According to United Nations estimates, the conflict between the Ethiopian forces and the Tigray rebels has resulted in at least 500,000 deaths, making it one of the bloodiest wars of the 21st century, dwarfing the toll of the Russian invasion of Ukraine.
For his part, Nasser Mamoun Essa, a researcher of African affairs, said that according to the peace agreement concluded in South Africa between the Ethiopian federal government and the TPLF forces, the Ethiopian parliament unanimously agreed to remove the front’s name from the terrorist list in implementation of the agreement.
In a special statement to the Reference, Essa confirmed that this decision would secure the next steps in the agreement, as well as enable the TPLF to return to play its primary role at the federal and regional levels.
Essa pointed out that this will not lead to the return of the Tigray people to the Ethiopian national epic, as the matter has become necessary for a comprehensive national dialogue to achieve a partial return to the ranks of the Ethiopian community and to achieve the lost national integration in the country that brings together the largest ethnic group in Africa, as it is still faltering to achieve this integration, which is still a long way off.

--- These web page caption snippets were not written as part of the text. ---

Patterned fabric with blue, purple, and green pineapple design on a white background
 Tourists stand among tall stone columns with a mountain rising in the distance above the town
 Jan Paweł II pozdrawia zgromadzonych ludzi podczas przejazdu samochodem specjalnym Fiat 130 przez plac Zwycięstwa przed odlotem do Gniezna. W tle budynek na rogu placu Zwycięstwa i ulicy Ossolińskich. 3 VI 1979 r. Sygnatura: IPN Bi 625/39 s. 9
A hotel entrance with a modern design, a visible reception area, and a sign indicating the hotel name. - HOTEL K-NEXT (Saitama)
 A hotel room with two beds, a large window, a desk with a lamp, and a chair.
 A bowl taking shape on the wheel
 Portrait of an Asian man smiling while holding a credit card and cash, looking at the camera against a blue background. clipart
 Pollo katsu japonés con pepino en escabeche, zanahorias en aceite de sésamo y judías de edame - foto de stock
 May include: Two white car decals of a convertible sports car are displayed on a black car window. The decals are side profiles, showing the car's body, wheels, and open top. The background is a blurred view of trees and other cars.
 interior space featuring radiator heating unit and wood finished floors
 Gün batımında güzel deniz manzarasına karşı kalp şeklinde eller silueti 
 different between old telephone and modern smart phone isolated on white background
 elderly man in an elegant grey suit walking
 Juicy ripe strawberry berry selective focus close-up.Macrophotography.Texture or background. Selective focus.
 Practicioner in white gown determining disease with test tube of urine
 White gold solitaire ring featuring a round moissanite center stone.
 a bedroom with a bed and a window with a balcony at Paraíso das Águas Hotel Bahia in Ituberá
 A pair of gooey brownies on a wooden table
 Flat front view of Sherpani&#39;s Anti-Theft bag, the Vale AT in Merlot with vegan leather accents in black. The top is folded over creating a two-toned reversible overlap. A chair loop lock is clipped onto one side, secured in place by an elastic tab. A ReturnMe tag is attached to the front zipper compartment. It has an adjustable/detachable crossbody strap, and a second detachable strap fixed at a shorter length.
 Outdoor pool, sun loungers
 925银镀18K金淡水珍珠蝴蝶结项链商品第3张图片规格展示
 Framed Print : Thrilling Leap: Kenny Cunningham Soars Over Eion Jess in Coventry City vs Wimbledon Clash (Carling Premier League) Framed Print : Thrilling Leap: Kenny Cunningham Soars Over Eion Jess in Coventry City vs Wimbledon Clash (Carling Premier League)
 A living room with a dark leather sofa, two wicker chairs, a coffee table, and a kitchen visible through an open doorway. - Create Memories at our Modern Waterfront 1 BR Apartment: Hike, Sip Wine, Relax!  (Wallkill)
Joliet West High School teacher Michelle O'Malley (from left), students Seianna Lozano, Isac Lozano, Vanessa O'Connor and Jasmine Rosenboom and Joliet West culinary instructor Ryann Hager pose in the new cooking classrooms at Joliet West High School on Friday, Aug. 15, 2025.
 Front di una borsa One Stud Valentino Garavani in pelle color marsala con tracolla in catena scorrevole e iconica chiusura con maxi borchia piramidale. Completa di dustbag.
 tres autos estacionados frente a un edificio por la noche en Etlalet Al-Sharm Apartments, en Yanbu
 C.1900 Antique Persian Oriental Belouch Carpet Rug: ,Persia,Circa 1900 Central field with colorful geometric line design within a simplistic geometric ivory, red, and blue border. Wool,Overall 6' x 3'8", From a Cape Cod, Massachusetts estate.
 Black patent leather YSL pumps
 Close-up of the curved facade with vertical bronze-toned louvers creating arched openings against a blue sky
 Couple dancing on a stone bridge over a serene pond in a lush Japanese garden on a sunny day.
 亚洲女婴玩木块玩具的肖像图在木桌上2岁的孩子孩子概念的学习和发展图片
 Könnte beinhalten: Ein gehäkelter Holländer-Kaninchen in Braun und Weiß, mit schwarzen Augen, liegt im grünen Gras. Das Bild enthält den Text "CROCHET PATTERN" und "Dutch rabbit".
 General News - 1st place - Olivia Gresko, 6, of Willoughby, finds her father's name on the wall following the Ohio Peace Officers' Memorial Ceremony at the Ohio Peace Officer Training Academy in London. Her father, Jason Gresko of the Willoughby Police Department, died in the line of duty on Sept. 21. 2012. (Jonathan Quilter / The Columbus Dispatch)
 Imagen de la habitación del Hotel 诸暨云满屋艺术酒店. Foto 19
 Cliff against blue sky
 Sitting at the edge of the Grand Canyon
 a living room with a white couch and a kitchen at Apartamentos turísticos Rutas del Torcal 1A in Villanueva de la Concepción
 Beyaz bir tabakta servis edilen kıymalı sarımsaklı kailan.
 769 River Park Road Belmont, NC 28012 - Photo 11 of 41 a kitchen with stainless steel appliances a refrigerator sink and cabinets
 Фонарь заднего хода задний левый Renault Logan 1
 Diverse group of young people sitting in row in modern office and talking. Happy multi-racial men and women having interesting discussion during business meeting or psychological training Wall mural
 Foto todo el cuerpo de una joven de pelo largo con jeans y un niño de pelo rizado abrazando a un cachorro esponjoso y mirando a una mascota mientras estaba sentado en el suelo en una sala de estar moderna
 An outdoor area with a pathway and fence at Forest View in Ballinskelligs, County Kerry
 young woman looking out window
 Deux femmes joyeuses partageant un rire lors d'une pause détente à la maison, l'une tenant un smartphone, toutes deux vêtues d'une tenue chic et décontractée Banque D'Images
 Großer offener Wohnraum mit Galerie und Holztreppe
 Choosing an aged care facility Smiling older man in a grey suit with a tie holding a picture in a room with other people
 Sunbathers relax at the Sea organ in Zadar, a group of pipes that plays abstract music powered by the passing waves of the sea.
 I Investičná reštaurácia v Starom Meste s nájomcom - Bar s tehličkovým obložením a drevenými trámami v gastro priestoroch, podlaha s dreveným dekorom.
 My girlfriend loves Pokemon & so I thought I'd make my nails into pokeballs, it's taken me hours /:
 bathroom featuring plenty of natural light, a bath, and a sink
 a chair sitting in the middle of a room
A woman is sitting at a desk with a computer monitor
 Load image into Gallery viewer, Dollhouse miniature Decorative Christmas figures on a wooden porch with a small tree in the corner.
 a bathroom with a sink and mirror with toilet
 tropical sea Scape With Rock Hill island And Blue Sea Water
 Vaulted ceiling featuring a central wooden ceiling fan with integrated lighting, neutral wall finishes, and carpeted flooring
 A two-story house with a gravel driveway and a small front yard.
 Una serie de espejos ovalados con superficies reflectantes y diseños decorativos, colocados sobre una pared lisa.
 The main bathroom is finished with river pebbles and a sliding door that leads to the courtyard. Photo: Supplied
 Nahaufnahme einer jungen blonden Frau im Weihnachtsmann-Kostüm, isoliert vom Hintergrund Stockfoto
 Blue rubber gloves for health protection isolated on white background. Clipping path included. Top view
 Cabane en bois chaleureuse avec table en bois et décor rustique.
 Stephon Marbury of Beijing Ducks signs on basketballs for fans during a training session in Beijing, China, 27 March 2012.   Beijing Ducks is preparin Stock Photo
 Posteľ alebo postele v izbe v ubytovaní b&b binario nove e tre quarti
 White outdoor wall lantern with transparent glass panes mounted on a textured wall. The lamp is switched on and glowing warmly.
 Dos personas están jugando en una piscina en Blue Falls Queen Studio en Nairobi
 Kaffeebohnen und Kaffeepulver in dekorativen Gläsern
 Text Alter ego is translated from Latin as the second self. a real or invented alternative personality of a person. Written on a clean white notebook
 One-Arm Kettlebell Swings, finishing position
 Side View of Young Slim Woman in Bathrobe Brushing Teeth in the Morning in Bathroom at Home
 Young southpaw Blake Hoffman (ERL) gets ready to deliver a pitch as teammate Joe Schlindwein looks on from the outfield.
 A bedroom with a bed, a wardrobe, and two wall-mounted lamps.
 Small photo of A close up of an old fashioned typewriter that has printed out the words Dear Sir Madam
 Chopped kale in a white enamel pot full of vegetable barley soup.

In the same context, Abu al-Fadl al-Isnawi, editor-in-chief of the Al Siyassa Al Dawliya magazine, said that the international community is aware that the collapse of the fragile situation in northern Ethiopia from the fighting that was taking place between the conflicting parties leads to strengthening the state of internal instability in Addis Ababa and will result in catastrophic matters for the security and regional situation in East Africa.
In a special statement to the Reference, Isnawi stressed that the worsening humanitarian situation in the Tigray region deepens the repercussions of the drought that struck many regions, adding that this was reflected in regional and international positions as a result of the outbreak of the situation in northern Ethiopia again.
Isnawi explained that this agreement would establish an interim administration in the Tigray region, followed by its secession and a return of calm to the East African region, which is likely to witness an international conflict during the coming period.